Aquela consulta marcada há meses vai ter que esperar mais um tempo. A última reunião do dia também vai ficar pra amanhã. Ajusto os planos para não perder o sol no meu jardim ou em qualquer mesa externa de bar.
Sentir ondas de calor tocando o rosto é melhor do que muito remédio. O sol no céu afasta-me de toda a depressão dos meses de inverno. Quase bate uma vontade de abraçar todas as Marijkes e Jeroens e mostrar o céu da boca a meio mundo enquanto tomo um sorvete de iogurte e manga.
Ainda cedo, presa ao hábito detestável de olhar o celular antes de sair da cama, e desconhecendo o sol por trás das cortinas, abri o Instagram. Viajei no tempo rumo a internet do início dos anos dois mil, onde as correntes enviadas por e-mail prevaleciam.
Enxurradas de stories me contaram que algumas pessoas são obcecadas pelo arroz queimado no fundo da panela, e outras colecionam secretamente menus das barraquinhas de praia. E teve quem declarou que cheiro de terra molhada é algo muito aleatório para se amar.
Pensei no que entraria na minha seleção. A lufada de ar quente no desembarque do aeroporto de Guarulhos, enquanto me livro de camadas de casacos. O momento em que compro o primeiro pão de queijo ao desembarcar, e a moça pergunta se quero CPF na nota.
É primavera no hemisfério norte, e as águas do Mar do Norte seguem congelantes, a despeito do sol. Mesmo frias, faço questão de molhar os pés enquanto caminho à beira desse mar buscando canto para me sentar e dar cabo ao texto. Sensação tão agradável quanto topar com um riacho para pegar água no meio da trilha nas montanhas. Ou pisar na grama fresca, desviando das margaridas que só nascem no meio dela nesta época do ano.
Outro item essencial à lista é o cheiro de alho refogado. Alerta de comida sendo preparada e lembrança deliciosa da carne de panela com mandioca da minha mãe. O que dizer então da fumacinha saindo do prato antes da primeira garfada?
A Holanda me reduziu a sensibilidade, aqui as pessoas não se encostam nem para se cumprimentar. Vai ver por isso o sinônimo de perfeição esteja nos abraços apertados, sobretudo após meses de distâncias, ou ao fim de dias arrastados que criam bolhas nos pés.

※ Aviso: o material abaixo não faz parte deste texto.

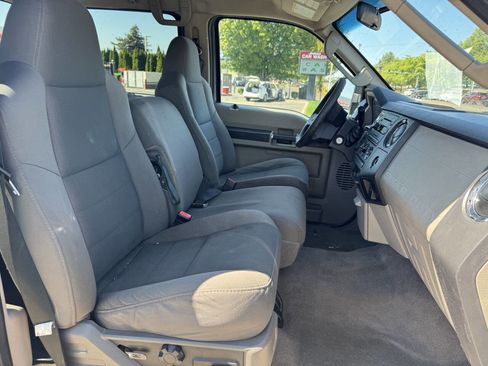 Used 2009 Ford F350 XLT image 6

O céu aos poucos ganha tons de laranja, enquanto o amargo gosto da segunda-feira espreita à esquina. Suspirando longamente, bem penso no quanto queria me demorar mais um pouquinho em todas essas coisas boas.
Continuaria a listar outras amenidades até o infinito, como iniciar leitura nova, deitar na cama com lençóis recém trocados e encontrar uma ilustração ou arte arrebatadora no meio de uma feirinha de domingo da Lange Voorhout.
Mas amanhã é dia útil, e no primeiro de maio holandês o proletariado comemora trabalhando. Falta espaço para sonhar e desfrutar da felicidade solar sobre tela.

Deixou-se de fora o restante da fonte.